Enfurecidos por su intento de huir de la justicia, los combatientes agarraron al oficial y lo apalearon mientras se sujetaba a las puertas. Karoly se echó hacia delante, desobedeciendo a Leo, se metió entre los combatientes y rodeó a su hijo con los brazos. Sobresaltado, su hijo lloraba, con la esperanza de que su padre pudiese protegerlo de algún modo. Karoly le gritaba a la multitud. Estuvieron juntos, padre e hijo, durante menos de un par de segundos antes de que apartaran a Karoly, lo arrojaran al suelo y lo obligaran a contemplar cómo le arrancaban el uniforme a su hijo, cómo saltaban los botones y le desgarraban la camisa. Le pusieron boca abajo, le ataron una cuerda a los pies y lo llevaron hacia los árboles de la plaza.

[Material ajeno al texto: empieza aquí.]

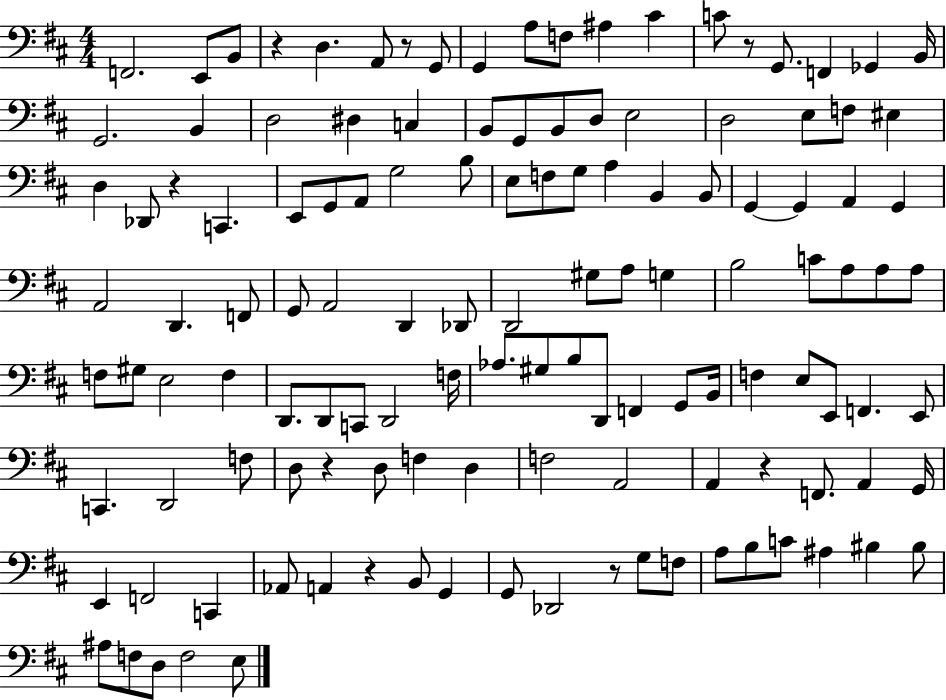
{
  \clef bass
  \numericTimeSignature
  \time 4/4
  \key d \major
  f,2. e,8 b,8 | r4 d4. a,8 r8 g,8 | g,4 a8 f8 ais4 cis'4 | c'8 r8 g,8. f,4 ges,4 b,16 | \break g,2. b,4 | d2 dis4 c4 | b,8 g,8 b,8 d8 e2 | d2 e8 f8 eis4 | \break d4 des,8 r4 c,4. | e,8 g,8 a,8 g2 b8 | e8 f8 g8 a4 b,4 b,8 | g,4~~ g,4 a,4 g,4 | \break a,2 d,4. f,8 | g,8 a,2 d,4 des,8 | d,2 gis8 a8 g4 | b2 c'8 a8 a8 a8 | \break f8 gis8 e2 f4 | d,8. d,8 c,8 d,2 f16 | aes8. gis8 b8 d,8 f,4 g,8 b,16 | f4 e8 e,8 f,4. e,8 | \break c,4. d,2 f8 | d8 r4 d8 f4 d4 | f2 a,2 | a,4 r4 f,8. a,4 g,16 | \break e,4 f,2 c,4 | aes,8 a,4 r4 b,8 g,4 | g,8 des,2 r8 g8 f8 | a8 b8 c'8 ais4 bis4 bis8 | \break ais8 f8 d8 f2 e8 | \bar "|."
}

Leo se volvió hacia Fraera para rogarle por la vida del chico, pero vio que Zoya ya la tenía agarrada por los brazos y le decía:
—Deténlos, por favor.
Fraera se agachó como lo haría un padre intentando explicarle el mundo a su hijo.
—Esto es rabia.
Dicho eso, Fraera sacó su propia cámara.
Karoly se liberó y se tambaleó cojeando hacia su hijo, llorando al ver cómo lo colgaban boca abajo del árbol, todavía vivo. Tenía la cara de color rojo brillante, se le marcaban las venas. Karoly le cogió los hombros y sostuvo su peso, pero sólo consiguió que le estampasen la culata de un rifle en la cara. Echaron gasolina sobre su hijo.
Rápidamente, Leo avanzó hacia uno de los vory, un hombre distraído por la ejecución. Le dio un puñetazo en la garganta, lo dejó sin aliento y le quitó el rifle. Se puso sobre una rodilla y apuntó a la multitud. Tenía una oportunidad, un disparo. Prendieron la gasolina. El hijo ardía, se agitaba, gritaba. Leo cerró un ojo y esperó a que la multitud se disgregara. Disparó. La bala impactó en la cabeza del joven. Aún en llamas, el cuerpo colgaba inmóvil. Los combatientes se giraron y contemplaron a Leo. Fraera ya le apuntaba con un arma.
—Tíralo.
Leo soltó el rifle.
Karoly se levantó y agarró con firmeza el cuerpo de su hijo, intentando sofocar las llamas, como si aún pudiese salvarle la vida. Ahora él también ardía, tenía la piel de las manos roja y con ampollas. No le importaba, sujetaba a su hijo incluso al empezar a prenderse su ropa.
Los combatientes observaban al hombre sufrir y arder, pero ya no gritaban de odio. Leo quería pedir ayuda a alguien, hacer algo. Finalmente, un hombre de mediana edad alzó su arma y disparó a Karoly detrás de la cabeza. Su cuerpo cayó sobre el fuego, bajo su hijo. Mientras ardían juntos, muchos de entre la muchedumbre ya se alejaban corriendo.